Hakone (jap. 箱根町, -machi) ist eine Kleinstadt auf der japanischen Hauptinsel Honshū in der Präfektur Kanagawa, im Landkreis Ashigarashimo. Sie liegt knapp 100 km außerhalb von Tokio.

Geographie[Bearbeiten | Quelltext bearbeiten]

Hakone befindet sich im gebirgigen Vorland des Fujisan, inmitten des Fuji-Hakone-Izu-Nationalpark. In der Nähe liegt umgeben von Bergen und Vulkanen der Ashi-See.

Die alte Grenzstation Hakone auf der historischen Tōkai-Straße markiert den Übergang von der Region Kansai (wörtlich: „westlich der Grenzstation“) zur Region Kantō (wörtlich: „östlich der Grenzstation“).

Geschichte[Bearbeiten | Quelltext bearbeiten]

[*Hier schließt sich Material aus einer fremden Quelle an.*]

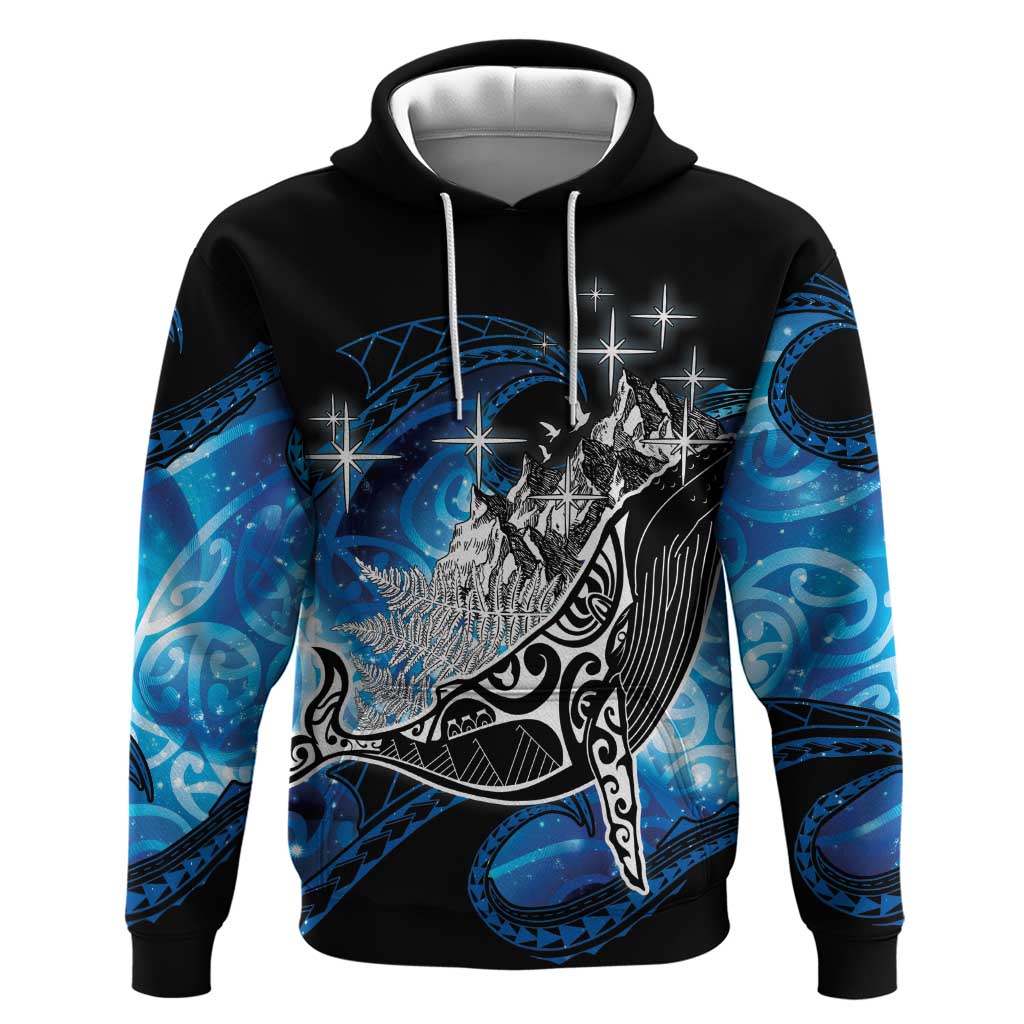 Maori Matariki Te Araroa Paikea Starry Zip Hoodie Tangaroa Whakatauki LT7 Pullover Hoodie Black - Polynesian Pride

Hakone ist der Standort des bekannten Shinto-Schreins Hakone Gongen, welcher das erste Mal in der Heian-Zeit (794–1185) Erwähnung fand. Während des Gempei-Krieges (1180–1185) betete Minamoto no Yorimasa kurz nach seiner Niederlange in der Schlacht von Ishibashiyama im benachbarten Manazuru an diesem Schrein um den Sieg über seine Feinde. Wie der Rest der Provinz Sagami kam die Region um Hakone während der Sengoku-Zeit (1477–1573) unter die Kontrolle der Späteren Hōjō von Odawara.

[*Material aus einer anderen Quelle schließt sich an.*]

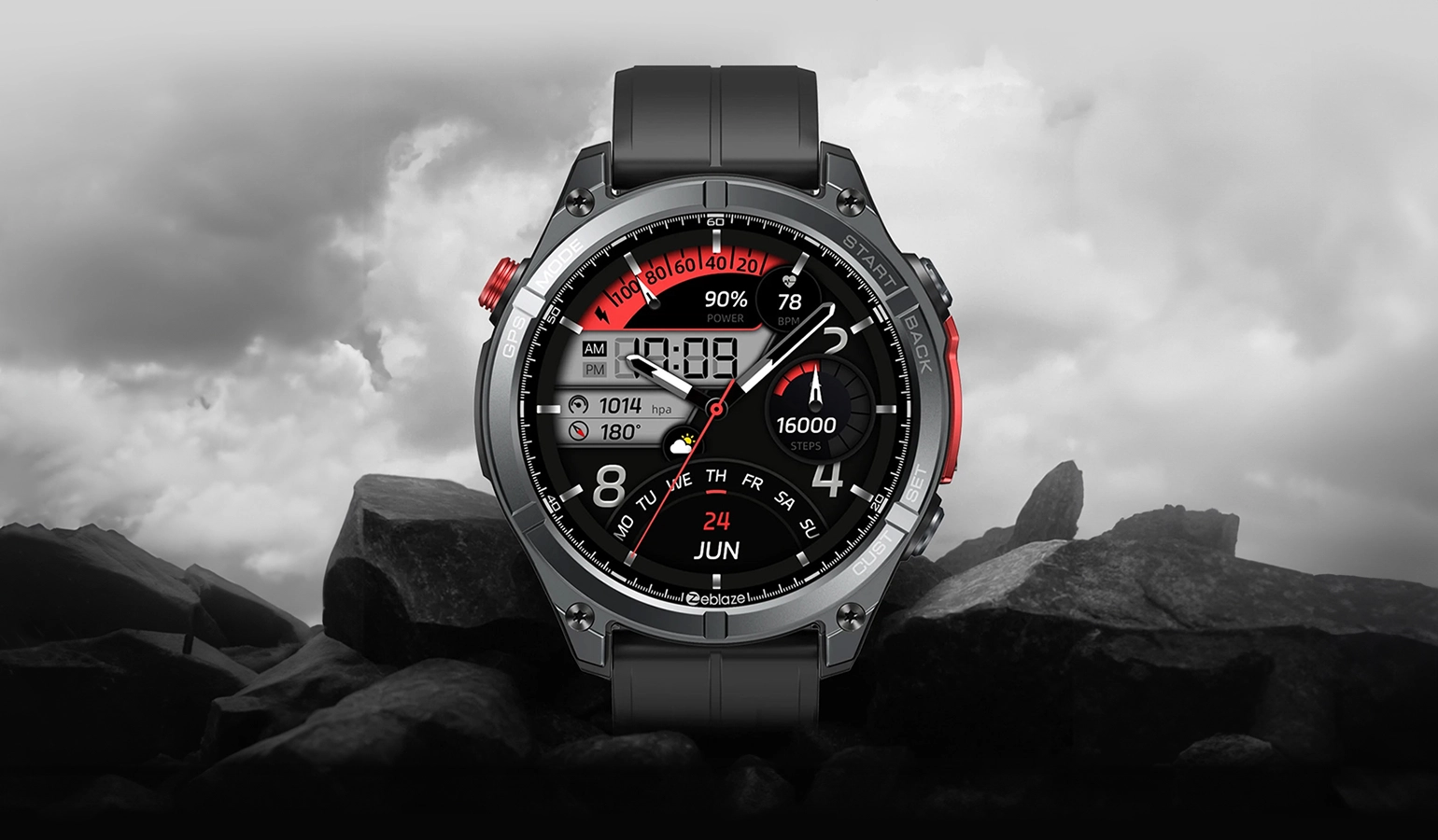 Zeblaze Stratos 4 on rocks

In der Edo-Zeit (1603–1868) war Hakone-juku eine Poststation an der Fernstraße Tōkaidō zwischen Edo (dem heutigen Tokio) und Kyōto und offizieller Grenzposten (箱根関所, Hakone sekisho) zwischen der Kantō- und Kansai-Region.

Hier wurden unter dem Tokugawa-Shogunat alle Reisenden auf der Tōkaidō zur Kontrolle ihrer Reisegenehmigungen und ihres Gepäcks angehalten. Unter anderem war es verboten, Waffen und Frauen mitzuführen. Bereits zu dieser Zeit war die Gegend sehr bekannt für ihre heißen Quellen (Onsen).

Nach der Meiji-Restauration wurde Hakone ein Teil der eher kurzlebigen Präfektur Ashigara, bevor im August 1876 Hakone ein Teil des Landkreises Ashigarashimo der Präfektur Kanagawa wurde. Im Jahr 1889 wurde Hakone der Stadt-Status verliehen, zudem ließ die kaiserliche Familie eine Villa als Sommerresidenz am Seeufer errichten.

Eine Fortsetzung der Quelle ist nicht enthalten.